Spatial channel correlation for local scattering with linear MMSE‐based estimator and detector in multi‐cell large scale MU‐MIMO networks

Abstract

AbstractScalable Multi‐antenna systems are designed to gain improvement in energy and spectral efficiency under different propagation conditions by equipping the BSs with hundreds or even more antennas. A better understanding of such systems leads to overcome the essential challenges, which is important for the beneficial deployment in future networks. In wireless communication systems, channel models describe the main characteristics of the propagation environment and are essential for systems performance evaluation. This article considers a multi‐cell large scale multiuser MIMO (LS‐MU‐MIMO) system with a physical correlated channel model and linear‐based MMSE estimator and detector.
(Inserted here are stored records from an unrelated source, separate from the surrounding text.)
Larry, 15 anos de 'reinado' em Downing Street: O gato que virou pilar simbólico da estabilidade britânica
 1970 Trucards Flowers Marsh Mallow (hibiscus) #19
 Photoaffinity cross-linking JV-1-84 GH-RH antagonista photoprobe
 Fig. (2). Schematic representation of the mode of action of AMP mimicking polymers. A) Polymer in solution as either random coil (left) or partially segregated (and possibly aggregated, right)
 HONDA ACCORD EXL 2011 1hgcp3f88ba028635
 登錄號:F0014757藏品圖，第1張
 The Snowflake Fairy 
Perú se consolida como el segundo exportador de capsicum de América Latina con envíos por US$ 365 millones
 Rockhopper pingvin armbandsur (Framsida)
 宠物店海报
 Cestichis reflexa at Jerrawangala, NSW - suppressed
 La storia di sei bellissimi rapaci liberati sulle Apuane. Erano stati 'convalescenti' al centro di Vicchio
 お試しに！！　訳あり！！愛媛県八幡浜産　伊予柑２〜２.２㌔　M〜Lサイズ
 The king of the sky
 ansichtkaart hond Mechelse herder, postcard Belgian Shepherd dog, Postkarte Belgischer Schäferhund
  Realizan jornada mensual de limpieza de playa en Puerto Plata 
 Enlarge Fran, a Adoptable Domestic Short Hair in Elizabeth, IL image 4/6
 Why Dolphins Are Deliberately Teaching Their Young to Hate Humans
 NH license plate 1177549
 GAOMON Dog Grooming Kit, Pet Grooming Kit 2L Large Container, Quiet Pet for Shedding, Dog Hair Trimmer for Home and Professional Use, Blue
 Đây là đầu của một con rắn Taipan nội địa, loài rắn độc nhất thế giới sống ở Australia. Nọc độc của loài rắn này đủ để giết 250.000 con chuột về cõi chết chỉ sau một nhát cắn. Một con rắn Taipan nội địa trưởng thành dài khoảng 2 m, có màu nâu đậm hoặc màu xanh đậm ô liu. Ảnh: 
A physical local scattering geometric‐based stochastic channel model for dense urban and suburban scenarios is presented in this article to illustrate the impact of propagation environment on signal transmission in a general framework of antenna spatial correlation. Also, a pilot signaling‐based channel estimation in the uplink scenario, the effect of pilot contamination (PC), and spatial correlation on the channel estimation are studied. The effect of PC and channel estimation on the performance of LS‐MU‐MIMO system is investigated by applying MMSE‐based channel estimator and detector over uniform linear arrays (ULA) of BS antennas in different scattering environments. Moreover, different pilot reuse patterns are considered, and their impact on the average sum SE has been investigated. The simulation results show that LS‐MU‐MIMO system can provide higher performance for dense urban scenarios where the user terminals (UTs) have limited mobility and higher coherence time than suburban scenarios. Furthermore, while higher spatial correlation will result in improvement in the channel estimation quality, it contributes imperfectly to the channel hardening effect.